### SUPPLIED RECORDS
++++++++++++++++++++

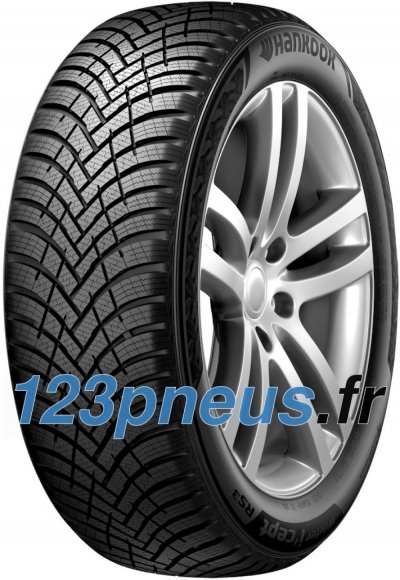 HANKOOK  Winter i*cept RS3 (W462) ( 215/60 R16 99H XL SBL )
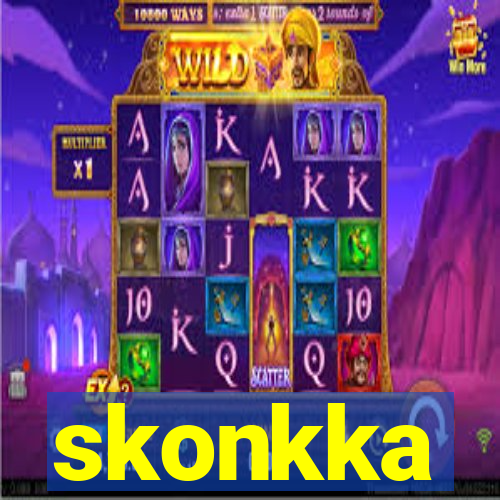 skonkka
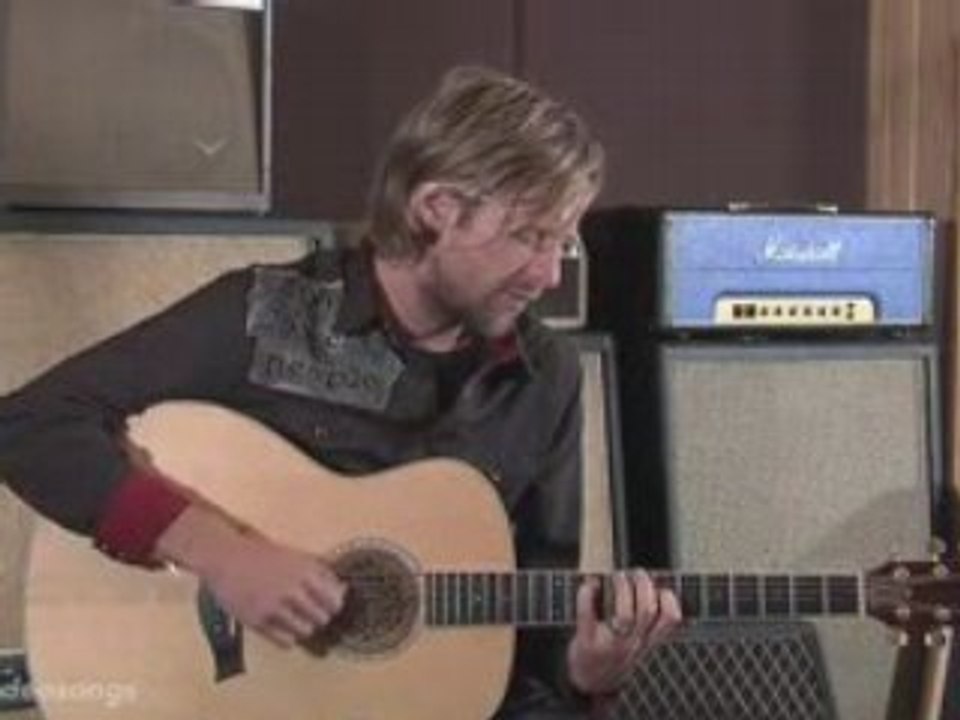 Learn To Play "Twenty-Four" by Switchfoot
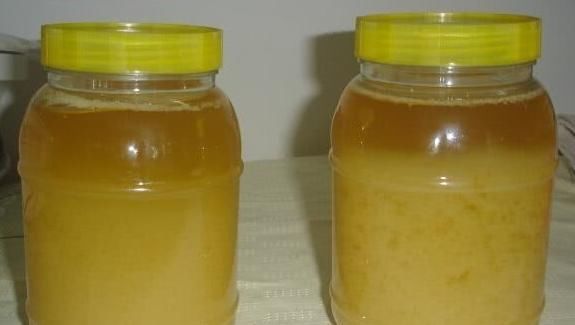 结晶|蜂蜜到底是结晶好,还是不结晶好,很多人弄错了,早看早知道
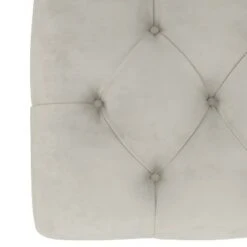 Valletta Velvet Tufted Bench - Skyline Furniture Caribbean 11 Valletta Velvet Tufted Bench - Skyline Furniture Caribbean -Ottomans Official Shop unnamed file 6620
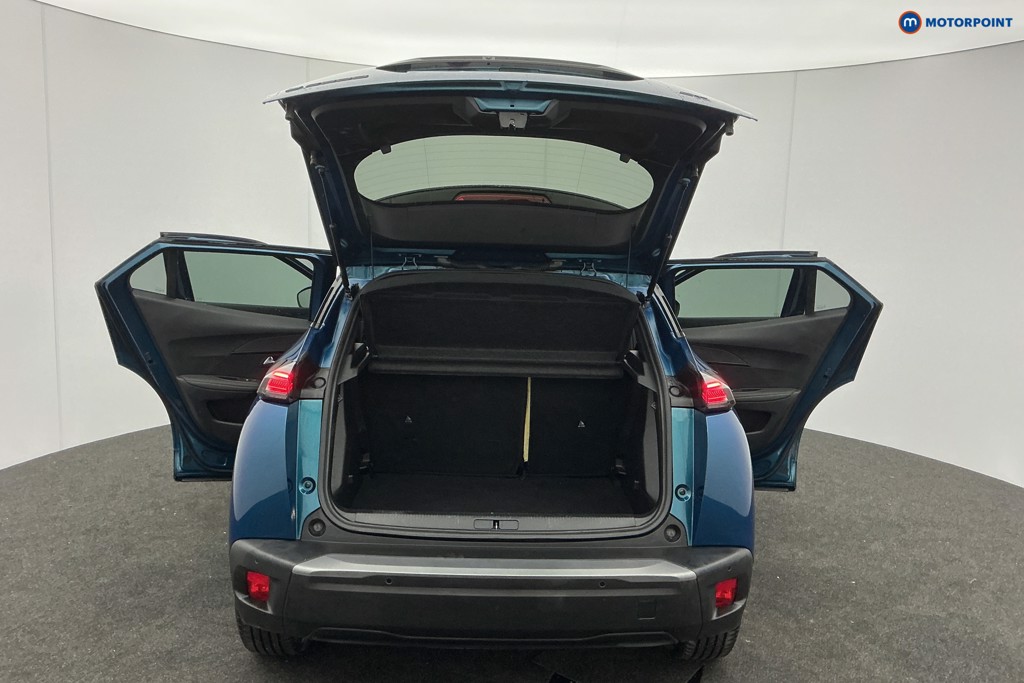 Peugeot 2008 GT Automatic Electric SUV - Stock Number (1604538) - 3rd supplementary image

++++++++++++++++++++

### DIRECTIONS
The reply must consist of the complete listing, reproduced exactly, with no images.

### RESULT BELOW
 HANKOOK  Winter i*cept RS3 (W462) ( 215/60 R16 99H XL SBL )
 skonkka
 Learn To Play "Twenty-Four" by Switchfoot
 结晶|蜂蜜到底是结晶好,还是不结晶好,很多人弄错了,早看早知道
 Valletta Velvet Tufted Bench - Skyline Furniture Caribbean 11 Valletta Velvet Tufted Bench - Skyline Furniture Caribbean -Ottomans Official Shop unnamed file 6620
 Peugeot 2008 GT Automatic Electric SUV - Stock Number (1604538) - 3rd supplementary image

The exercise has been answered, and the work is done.